Its presence was always felt. Even if we could not see it, we could hear it, its current flowing dangerously fast, sometimes gushing over the sides of the bank. I would watch it, overwhelmed by how much power it held over everything surrounding it. Alongside it, the flowering, leafy tree that we precariously swung from now appeared frail, almost lifeless. The once sweet birdsong now shrill and anxious. I returned to that spot only recently, that spot that held so many wonderful memories. Grazed knees, muddy fingernails, grass intertwined with hair. Now, under the dappled rays of sunlight fighting their way through the canopy of our tree, it seems so calm, inviting even. Why was I ever so scared of its waters? 

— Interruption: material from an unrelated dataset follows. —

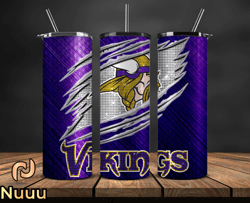 minnesota vikings tumbler wraps ,vikings logo, nfl tumbler png 85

Whilst I enjoyed creating this re-writing of Bennet’s ‘Voyage in the Dark’, it was quite safe, and not very experimental. A few weeks later, I revisited this text, and, putting the source text aside, moved onto a re-writing of my re-writing. As stated, I wanted to make this re-creation a little more experimental and had the idea to work with a different medium. When reading and embodying my re-writing, my head was filled with images of the personal space and time that I was describing, therefore, I had the idea to translate these fleeting images in my memory into something physical. This thought led to me videocalling my Mum back home in Shropshire and asking her to sift through the many photographs she has from the weekends and summers myself, my brother, and my cousins had spent at our Grandparent’s home (the space within which my original re-writing is situated). After I had selected a few of the photographs through the pixelated screen of my laptop, she sent them onto me. I then made a piece with a collection of these photos. This collage encapsulates entirely the feelings and images that the source text originally surfaced when I activated the text, yet it was only through re-writing Bennet’s piece and reflecting on this process that I was able to actually bring these images to life and create this second piece. Without considering my process, and reflecting on the memories and feelings that came to the surface in my embodiment of Bennet’s text, I don’t believe that I would have had this idea for my second ‘re-writing’. This is only proof that exploring and discussing processes as a translator is extremely beneficial. 

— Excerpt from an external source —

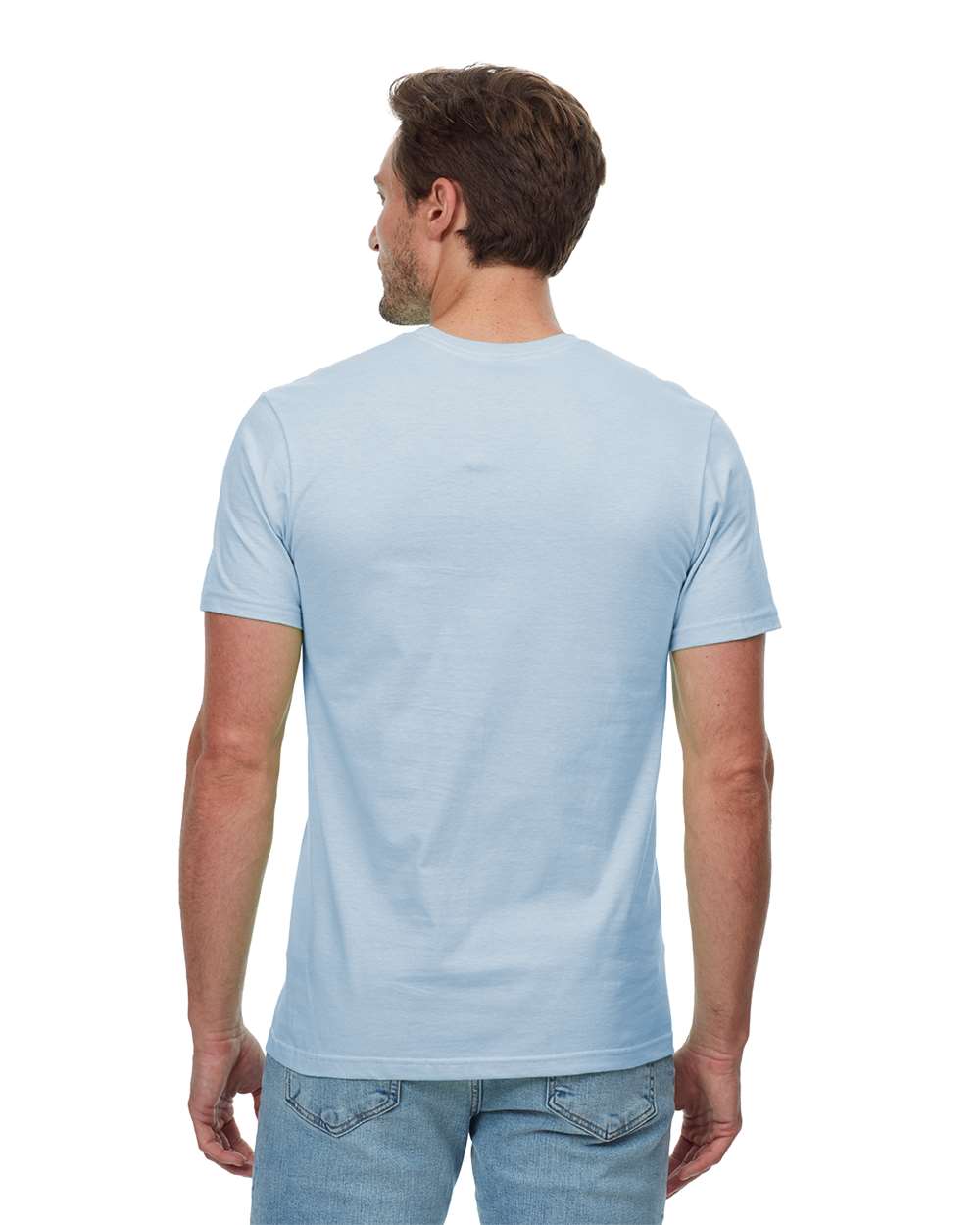 Unisex Epic T-Shirt - OnModelBack - B811E0252 - Light Blue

Something that emerged heavily though this process were ideas of emotion. Each individual’s readerly and bodily experiences will heavily influence the emotion they feel when reading a text, everyone’s experiences making for a different reading, and therefore a different translation. Images were also a big part of my process, I had never thought of incorporating images into my translation practice, but this is something I found incredibly productive and will definitely think about doing again. This experimentation with images led me to think more in depth about my process as a translator, and just how much images and readings that I have already experienced before, will always affect my reading of a new text, and therefore also influence my writing and translation. As Peter Bush states:

“Translator’s readings of literature provoke the otherness within the subject of the translator, work at a level not entirely under the control of the rationalising discourse of the mind, release ingredients from the subconscious magma of languages and experience, shoot off in many directions, provoked by the necessity of the creation of new writing.”

Peter Bush, The Translator as Writer (London: Continuum, 2007)

Through embodying a new text, I will inevitably awaken old texts, experiences, images, and language, that now lie in a dormant place within my mind, they re-activate themselves in order to help me re-activate and re-write the text with which I am engaging.